(Beginning of RECORDS FOR THE TASK)
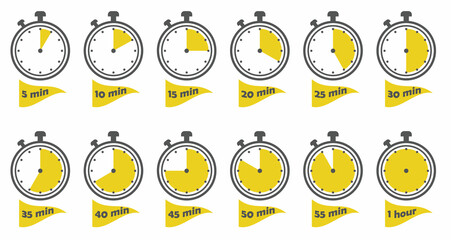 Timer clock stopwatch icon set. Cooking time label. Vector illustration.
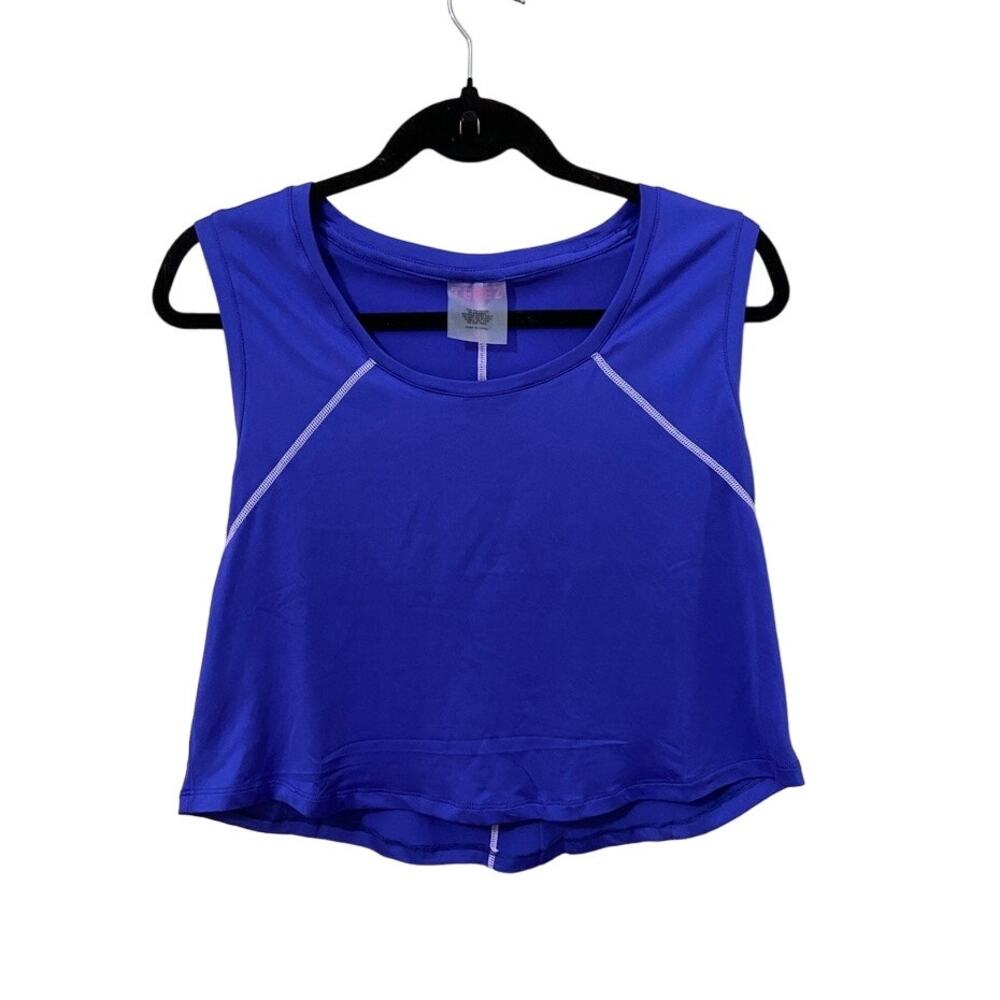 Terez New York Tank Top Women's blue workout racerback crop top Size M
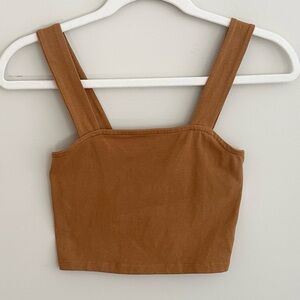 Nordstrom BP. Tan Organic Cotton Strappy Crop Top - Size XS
(End of RECORDS FOR THE TASK)
(Beginning of RECORDS FOR THE TASK)
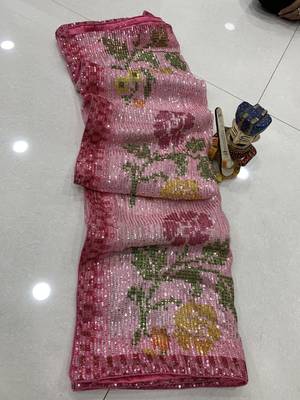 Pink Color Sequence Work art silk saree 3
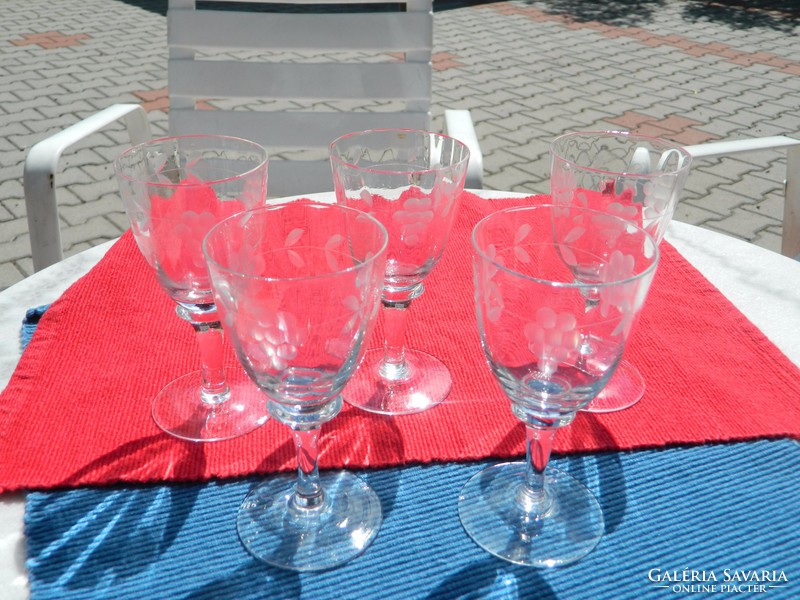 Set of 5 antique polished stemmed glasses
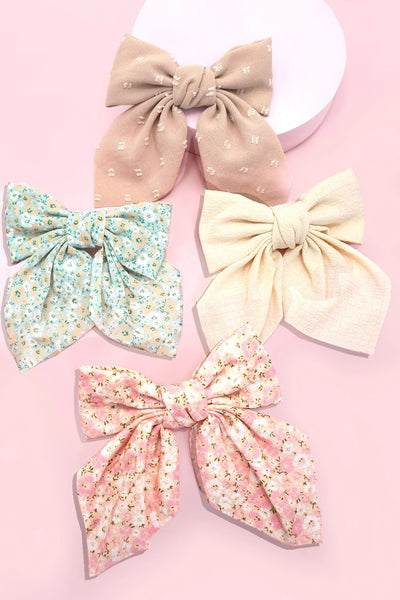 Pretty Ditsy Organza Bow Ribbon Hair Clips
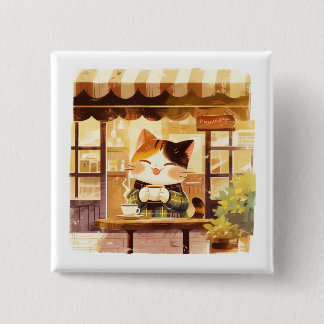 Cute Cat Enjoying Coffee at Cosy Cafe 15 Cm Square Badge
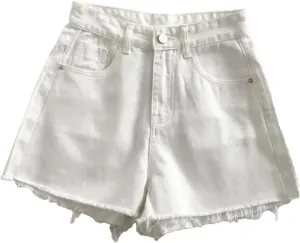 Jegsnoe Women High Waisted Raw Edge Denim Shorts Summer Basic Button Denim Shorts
(End of RECORDS FOR THE TASK)
## [GOAL OF THE EXERCISE]
Because only one stretch of the records is wanted, please output the lines from the one holding "Timer clock stopwatch" through the one holding "Nordstrom BP. Tan" exactly, both included, and leave every picture out.

## [COMPLETED EXERCISE]
 Timer clock stopwatch icon set. Cooking time label. Vector illustration.
 Terez New York Tank Top Women's blue workout racerback crop top Size M
 Nordstrom BP. Tan Organic Cotton Strappy Crop Top - Size XS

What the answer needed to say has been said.